元日、なほおなじとまりなり。白散をあるものよのまとてふなやかたにさしはさめりければ、かぜにふきならさせてうみにいれてえのまずなりぬ。いもしあらめもはがためもなし。かやうのものもなきくになり。もとめもおかず。ただおしあゆのくちをのみぞすふ。このすふひとびとのくちをおしあゆもしおもふやうあらむや。けふはみやこのみぞおもひやらるゝ。こへのかどのしりくべなはのなよしのかしらひゝらぎらいかにとぞいひあへる。
問 なぜ押鮎を食べないで、口だけ吸っているのか答えなさい。
元旦は、なおも同じところにいる。舟は一向に先に進まない。みんな少しうんざりして来ている。正月らしさを味わおうにも、祝い物の白散は海に落してしまった。屠蘇は飲んだけれど、他に縁起物は何も無い。あるのは、名善の頭の代わりの押鮎だけだ。もったいなくて直ぐには食べられない。だから、ちびちび口を吸っているのだ。その様子を自嘲気味に鮎はどう思っているのだろうと言うのである。それ故、殊更、京の正月の様子が目に浮かんでくる。そこで、みんなであれこれ想像しておしゃべりする。京への思いが募るばかりだ。
コメント
遅々として進まぬ旅路、本来なら心浮き立つお正月の雰囲気を楽しむ所なのに、十分な支度の整わない船の上、気持ちばかりが京へとはやるのですね。それにしても出発して十日、こんなに進まないものなのですね。

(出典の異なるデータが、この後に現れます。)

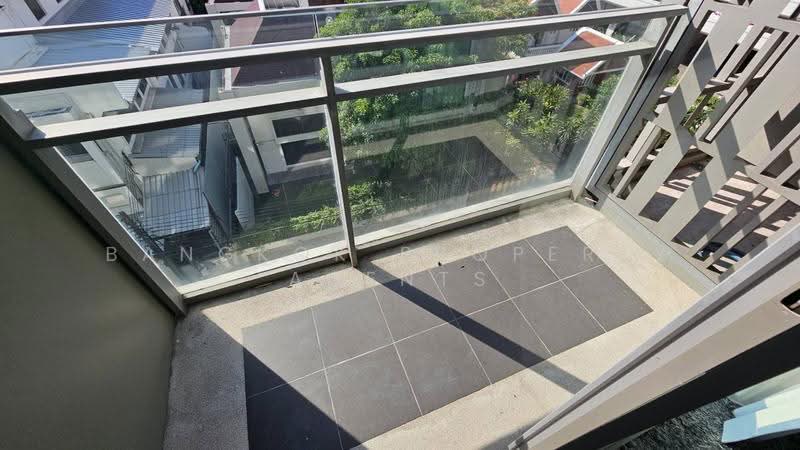 Via BOTANI, Bangkok, 36 Soi Sukhumvit 47, Sukhumvit Road, Khlong Tan Nua, Watthana, Bangkok, 1 Bedroom, 47 sqm, Condo For Rent, by BANGKOK PROPERTY AGENTS, 500636578 - DDproperty.com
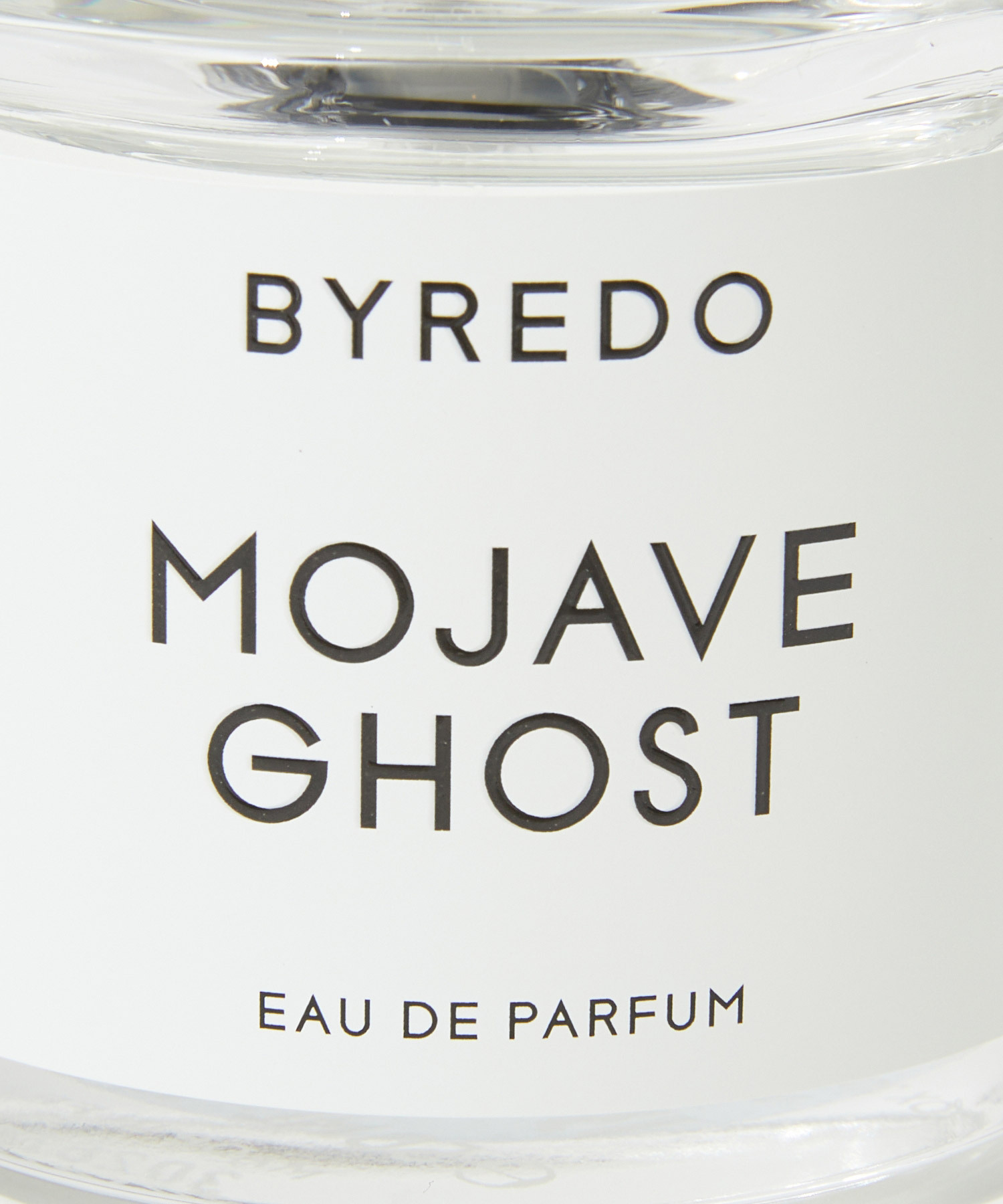 バイレード BYREDO モハーヴェゴースト EDP 50ml MOJAVE GHOST メンズ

『土佐日記』は、フィクションなのに、リアリティが感じられるように書いてあります。この時代の船旅はこんな感じだったのでしょう。
この先こちらまでイライラするほど進みません。
つまんないお正月ですね。
早く帰りたい気持ちでいっぱいですね。
でも、帰れるまでまだまだかかりそうです。
おしゃべりしか楽しみはないですね。
この場合のおしゃべりは、ぼやきに近いものでしょう。舟の上なので何もありません。京のお正月を思うしかありません。
「今頃はああだろうな。こうだろうな。京にいたらこうしていたのに!」って。
コロナ禍で外出が制限されている私たちの思いにちょっと似ていますね。